Tolliver pomógł mi wysiąść i powoli ruszyliśmy na miejsce, gdzie zemdlałam. Drżąc na myśl o ponownym doświadczeniu emocji towarzyszących śmierci, podeszłam tam, gdzie wyczułam najświeższe zwłoki.
– Tutaj. – Wskazałam palcem ziemię pod stopami.
Wiedziałam też dobrze, czyje to ciało. Jeff, wnuk Twyli. Tolliver wyłowił z kieszeni kołonotatnik i nakreślił na szybko szkic terenu.
– To Jeff, Jeff McGraw – zwróciłam się do niego. – Został uduszony.
Tolliver oznaczył wskazane miejsce taśmą. Chorągiewka falowała nieznacznie na lekkim wietrze.
Później objął mnie i wziął za rękę. Powiodłam go kawałek pod górkę, zatrzymując się w miejscu kolejnej mogiły. Z oczu popłynęły mi łzy.
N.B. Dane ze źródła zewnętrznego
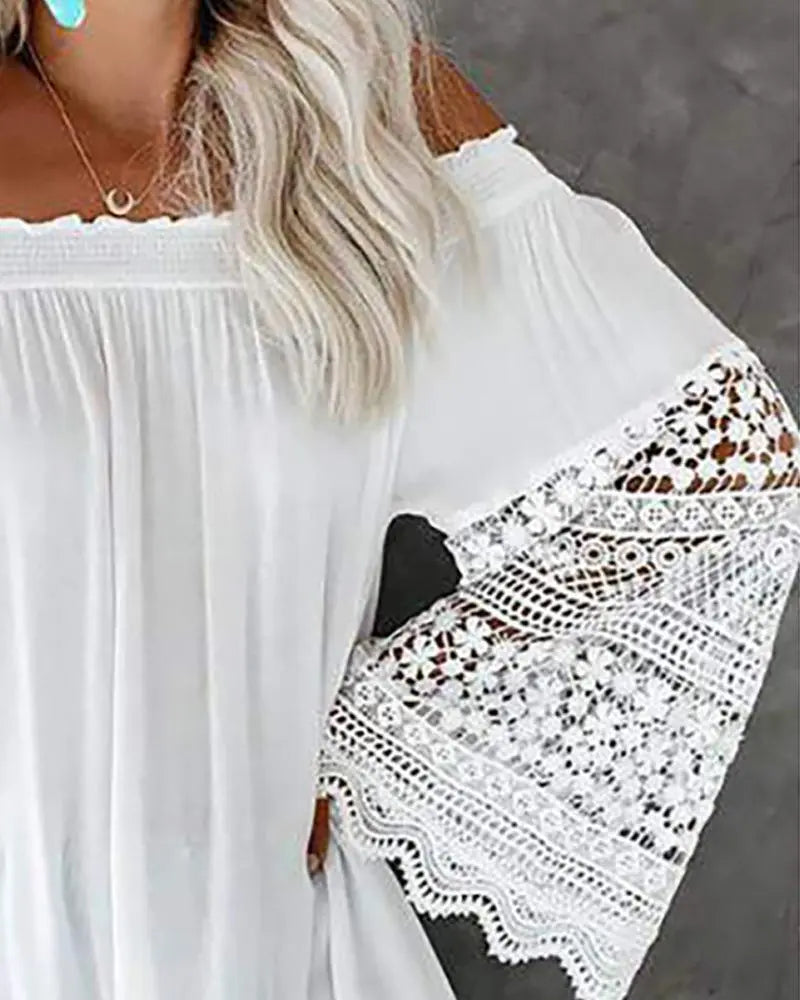 Women's Off The Shoulder Lace Bell Sleeve Mini Dress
Nigdy nie odczuwałam takiego ogromu cierpienia.
– Tu – wykrztusiłam. – Chester. – Kilka metrów dalej leżało ciało chłopca, o którym szeryf Rockwell nie wspomniała. – Ma na imię Chad, Chad... Coś na T.
Szeryf robiła własne notatki. Zastępcy słuchali i obserwowali scenę, ale ich miny wyrażały sceptycyzm, a nawet rozdrażnienie. Nic nie mogłam na to poradzić, niebawem sami się przekonają.
Ruszyłam, kierując się sygnałem dochodzącym z miejsca pod stromym zboczem. Aby tam dotrzeć, musiałam pokonać kępę krzewów. Otarłam twarz chusteczką.
– Dylan – rzuciłam i skręciłam za dom. Szeryf i jej zastępcy deptali mi po piętach. – Aaron. Wspominała pani o Aaronie, tak? – Parę kroków na południe.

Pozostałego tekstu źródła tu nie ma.